BEGIN Recorded information
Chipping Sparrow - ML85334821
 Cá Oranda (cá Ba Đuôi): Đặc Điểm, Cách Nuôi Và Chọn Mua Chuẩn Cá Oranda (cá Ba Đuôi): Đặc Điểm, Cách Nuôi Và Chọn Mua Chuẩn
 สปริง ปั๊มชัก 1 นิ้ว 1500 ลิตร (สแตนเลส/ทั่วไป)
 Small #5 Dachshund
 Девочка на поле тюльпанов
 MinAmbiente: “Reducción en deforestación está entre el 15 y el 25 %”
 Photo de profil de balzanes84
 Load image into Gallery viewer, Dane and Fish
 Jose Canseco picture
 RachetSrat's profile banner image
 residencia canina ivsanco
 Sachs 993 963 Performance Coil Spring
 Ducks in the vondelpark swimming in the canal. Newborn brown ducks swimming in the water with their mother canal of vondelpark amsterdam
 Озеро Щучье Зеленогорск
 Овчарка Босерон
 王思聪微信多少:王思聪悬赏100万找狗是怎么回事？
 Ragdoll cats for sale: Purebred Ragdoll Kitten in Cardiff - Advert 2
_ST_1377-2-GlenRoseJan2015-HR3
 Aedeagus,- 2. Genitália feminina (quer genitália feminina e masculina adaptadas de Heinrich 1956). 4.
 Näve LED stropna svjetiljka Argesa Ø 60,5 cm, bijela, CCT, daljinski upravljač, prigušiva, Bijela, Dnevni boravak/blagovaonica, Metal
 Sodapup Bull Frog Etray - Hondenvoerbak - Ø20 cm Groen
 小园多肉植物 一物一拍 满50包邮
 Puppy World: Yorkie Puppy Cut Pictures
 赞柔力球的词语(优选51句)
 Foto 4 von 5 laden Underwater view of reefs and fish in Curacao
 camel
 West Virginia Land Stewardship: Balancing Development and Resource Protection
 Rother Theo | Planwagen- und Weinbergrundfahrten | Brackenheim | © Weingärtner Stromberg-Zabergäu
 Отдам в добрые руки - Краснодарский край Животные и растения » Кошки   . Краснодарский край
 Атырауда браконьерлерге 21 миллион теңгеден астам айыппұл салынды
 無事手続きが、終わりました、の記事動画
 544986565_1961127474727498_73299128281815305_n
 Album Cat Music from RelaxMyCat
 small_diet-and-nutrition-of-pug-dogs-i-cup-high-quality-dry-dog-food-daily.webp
END Recorded information
▶ **Task details**
For each line in the listing, return it exactly as shown.

▶ **Answer space**
Chipping Sparrow - ML85334821
 Cá Oranda (cá Ba Đuôi): Đặc Điểm, Cách Nuôi Và Chọn Mua Chuẩn Cá Oranda (cá Ba Đuôi): Đặc Điểm, Cách Nuôi Và Chọn Mua Chuẩn
 สปริง ปั๊มชัก 1 นิ้ว 1500 ลิตร (สแตนเลส/ทั่วไป)
 Small #5 Dachshund
 Девочка на поле тюльпанов
 MinAmbiente: “Reducción en deforestación está entre el 15 y el 25 %”
 Photo de profil de balzanes84
 Load image into Gallery viewer, Dane and Fish
 Jose Canseco picture
 RachetSrat's profile banner image
 residencia canina ivsanco
 Sachs 993 963 Performance Coil Spring
 Ducks in the vondelpark swimming in the canal. Newborn brown ducks swimming in the water with their mother canal of vondelpark amsterdam
 Озеро Щучье Зеленогорск
 Овчарка Босерон
 王思聪微信多少:王思聪悬赏100万找狗是怎么回事？
 Ragdoll cats for sale: Purebred Ragdoll Kitten in Cardiff - Advert 2
_ST_1377-2-GlenRoseJan2015-HR3
 Aedeagus,- 2. Genitália feminina (quer genitália feminina e masculina adaptadas de Heinrich 1956). 4.
 Näve LED stropna svjetiljka Argesa Ø 60,5 cm, bijela, CCT, daljinski upravljač, prigušiva, Bijela, Dnevni boravak/blagovaonica, Metal
 Sodapup Bull Frog Etray - Hondenvoerbak - Ø20 cm Groen
 小园多肉植物 一物一拍 满50包邮
 Puppy World: Yorkie Puppy Cut Pictures
 赞柔力球的词语(优选51句)
 Foto 4 von 5 laden Underwater view of reefs and fish in Curacao
 camel
 West Virginia Land Stewardship: Balancing Development and Resource Protection
 Rother Theo | Planwagen- und Weinbergrundfahrten | Brackenheim | © Weingärtner Stromberg-Zabergäu
 Отдам в добрые руки - Краснодарский край Животные и растения » Кошки   . Краснодарский край
 Атырауда браконьерлерге 21 миллион теңгеден астам айыппұл салынды
 無事手続きが、終わりました、の記事動画
 544986565_1961127474727498_73299128281815305_n
 Album Cat Music from RelaxMyCat
 small_diet-and-nutrition-of-pug-dogs-i-cup-high-quality-dry-dog-food-daily.webp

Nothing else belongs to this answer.